# where to get SR20DET from?....reply please



## 240sxbegginer (Jun 19, 2003)

for those of you who have a SR20DET, where did you get it from? I am looking to save up my money and buy one. im looking for one that comes with the ECU, wiring harness(preferebly uncut), and transmission. On Nippon-Motors website it says it comes with the motor and trany, but i dont know if they supply the ECU. I am hoping to pay under 2600 for this. so any help and recomendations would be appreciated.


----------



## TheVodKA (Sep 19, 2002)

The search dude......use the search


----------



## 240sxbegginer (Jun 19, 2003)

i used the search...i didnt find anything


----------



## BlueBOB (Jan 29, 2003)

hell... google would bring up a shit load of info as well...


----------



## 240sxbegginer (Jun 19, 2003)

ok.....all i wanted to know about was some reliable companies that i could go through, not about using google, i already new that. i just need to know some facts about companies that bring them to the U.S. and who i should buy from. thats all


----------



## vsp3c (May 15, 2003)

www.phase2motortrend.com
www.heavythrottle.com


----------



## 240sxbegginer (Jun 19, 2003)

have any good facts about those companies? are they reliable


----------



## vsp3c (May 15, 2003)

both are one of the MOST reliable sr20det shops in the country


----------



## 240sxbegginer (Jun 19, 2003)

ok thanks..should i go CA18DET or SR20DET? limited money here


----------



## drift240sxdragqueen (Oct 23, 2002)

what happened to afterdartuning?


----------



## vsp3c (May 15, 2003)

drift240sxdrag said:


> what happened to afterdartuning?


that works too.. there are a couple of places that will get you sr20det front clips


240sxbegginer said:


> ok thanks..should i go CA18DET or SR20DET? limited money here


you can't go wrong with either one.. it's ur call.. there are MANY threads on sr vs ca.. there's one going one right now actually.


----------



## esyip (Dec 19, 2002)

umm. on a gay scale 1 being the least gay and 10 being the gayest ever, i rate this thread as a 33749348.6384^nth power.


----------



## BlueBOB (Jan 29, 2003)

www.ProjectNissan.com

they kick ass! they used to be ProjectSilvia, but they're growing.  he used to only sell front clips, but these days he's selling pre-modded motors w/ a warranty.
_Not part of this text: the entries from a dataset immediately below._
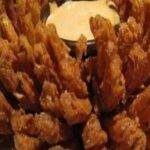 BEST BLOOMING ONION EVER!!! – top petstips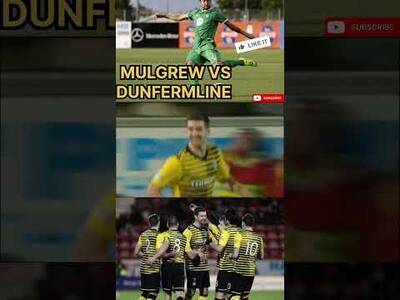 Charlie Mulgrew Scoring Against Dunfermline 👏🍀👌🏻 #Charliemulgrew #Celticfc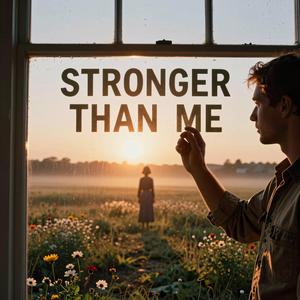 Stronger Than Me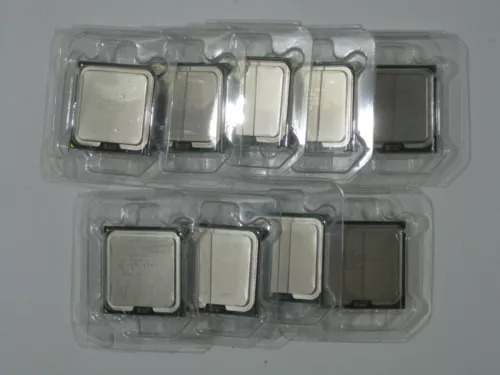 Intel Xeon CPU, Sockel LGA 1150, 1151, 1155, 1356, 2011, 2011-3, 2066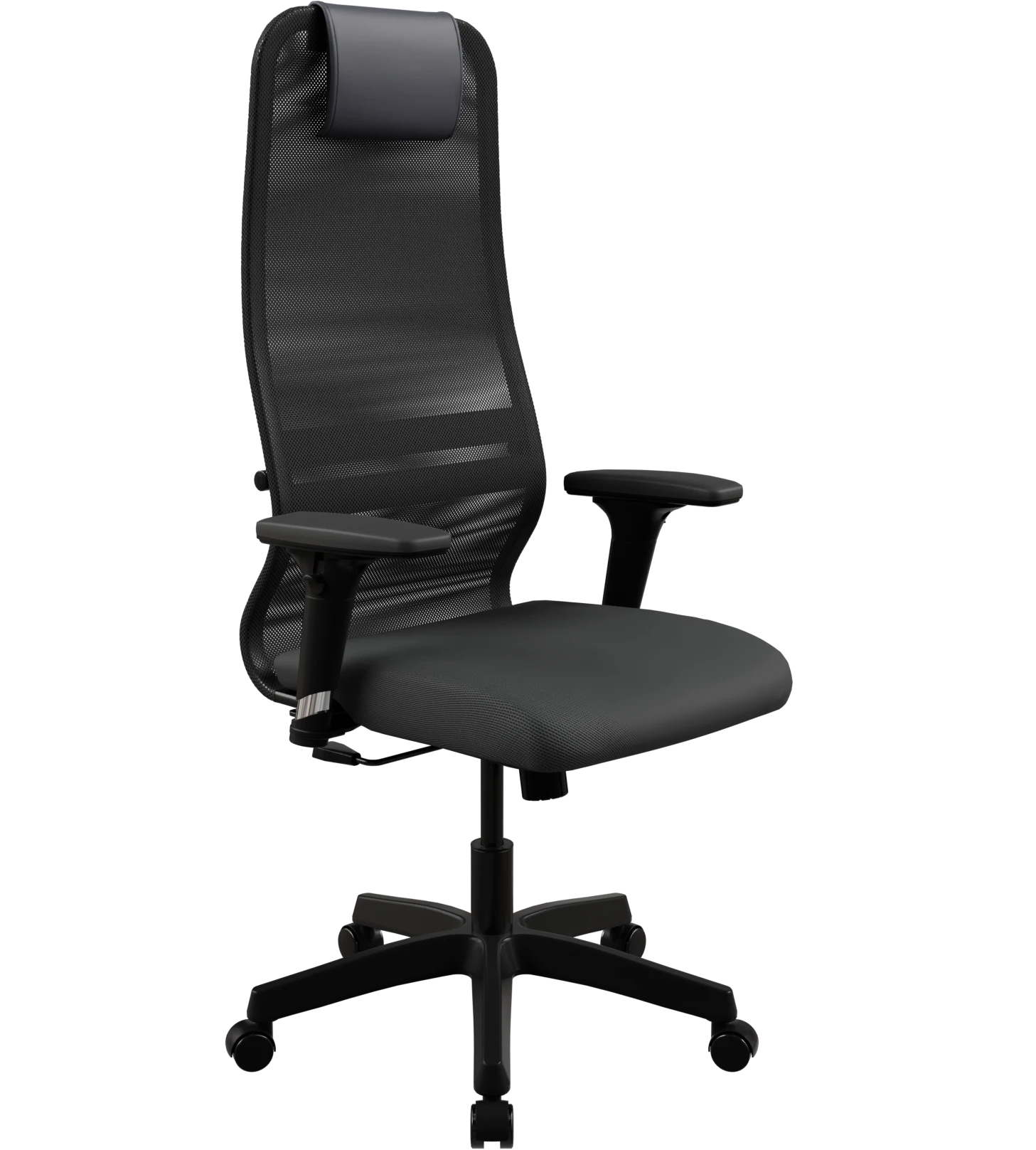Компьютерное кресло Metta  Ergolife Sit 8 B1-8D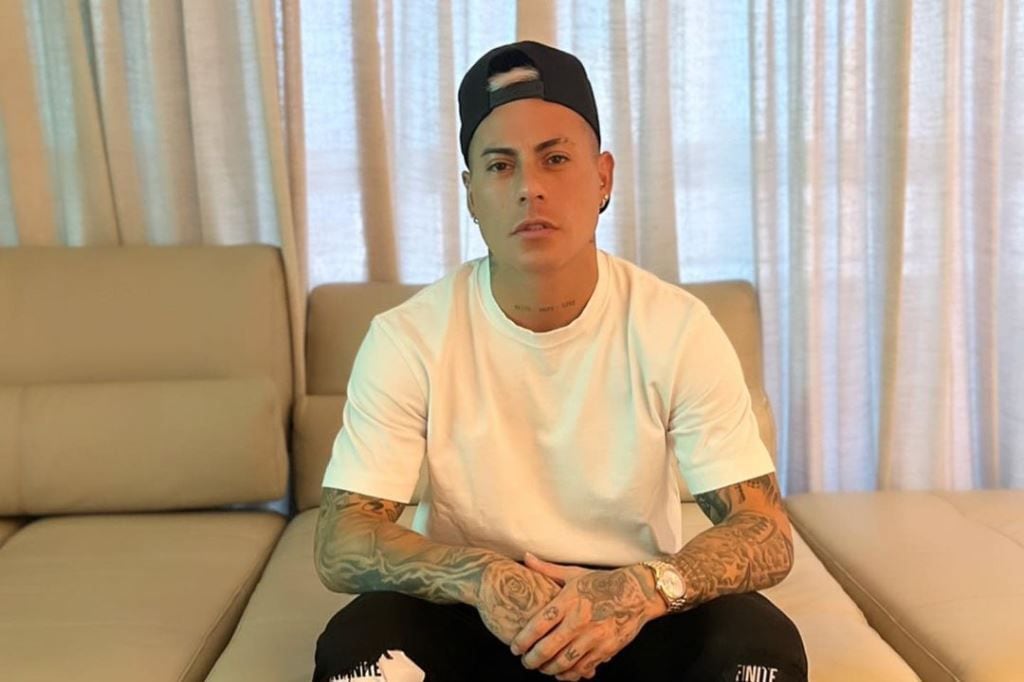 Eduardo Vargas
The will be a bit more expensive than a traditional SR, but you're guaranteed to get everything you need and you can pick what mods you want on it early. give them a call and tell Robert (owner) that you were sent by DNE.


----------



## 240sxbegginer (Jun 19, 2003)

only gay people call threads gay....ok...all i wanted was some info...and allll you did was screw the thread up....ok. dont post if you wont help.


----------



## BlueBOB (Jan 29, 2003)

dude.. i'm sorry, but you know these people and you know these forums... you've been on here quite a few times... ya KNEW some would flame for that question...

but that doesn't mean it needs to continue.


----------



## drift240sxdragqueen (Oct 23, 2002)

i don't think afterdark even exsist anymore? 
i was looking at afterdarktuning.com and nothing comes up, then i tried looking for it on yahoo and found no luck.. maybe its just me?


----------



## vsp3c (May 15, 2003)

not you.. site doesn't work for me either =/


----------



## TheVodKA (Sep 19, 2002)

Fine, I'll recommend the same place I always recommend....

www.jgycustoms.com


----------



## esyip (Dec 19, 2002)

afterdark is the one that was run by that 18y/o, yeah?

if so, he got in some shit about not coming through with the engines that people already paid him for, he wasn't replying to any e-mails, PMs, threads, phone calls, nothing. and people knew he was online checking his shit because they'd see him replying on other boards, they'd use the "notice of receipt" option with e-mails, etc. 

last i heard, he got the engines, etc. ,etc. but he still hasn't come through. and there were quite a few people who were out a few thousand dollars. so i don't know what's going on.


----------



## drift240sxdragqueen (Oct 23, 2002)

damn that sucks, isn't he like one of the supermods or something at NICO?


----------



## drift240sxdragqueen (Oct 23, 2002)

ack i got tired of wanting to kno so i found out myself, story sucks bad...

Afterdarktuning and Adam 

here is a comment left on the 240sxforums from Lost_To_A_K-car:

I've maintained polite silence on this matter long enough. I'd post over at NICO but, golly, threads over there about Adam and Afterdark seem to get locked and deleted with remarkable efficiency.

But remember, they're *cough* not covering for him. *cough*

I run a company that builds web sites. Adam needed a web site. So, last November, we struck an exceedingly simple deal. He would supply me with a kickass built CA, and I'd build him a fancy-dandy web site. We were to start work on the site immediately, and the engine would be in my hands sometime in January or February.

In December, we html-ified all of his price lists, FAQs, and other content. The engine wasn't there, but I was unconcerned.

In January, we had the site navigation planned, and all of the pages were wireframed. The engine was delayed due to "shipping problems".

In February, Adam approved a graphic design, and we put it into place. The engine was delayed, still due to "shipping problems".

In March, we launched the site. The engine was still nowhere to be found. I asked Adam to send me a token deposit, and he offered to send me an LSD that he had sitting around. True to his word, a large, heavy box arrived a week or so later. Unfortunately, it contained a standard, open differential, just like the one already on my car. Adam was apologetic, and told me that he'd send me a real LSD with my engine.

Hey, no harm, no foul. Shit, after all, happens.

In April, the engine was still nowhere to be found. He was going to Japan to get engines personally, and he assured me that he'd have something soon. We activated the catalog portion of his site, making the project roughly 90% completed. I left the remaining part turned off, waiting for progress on his end of the agreement.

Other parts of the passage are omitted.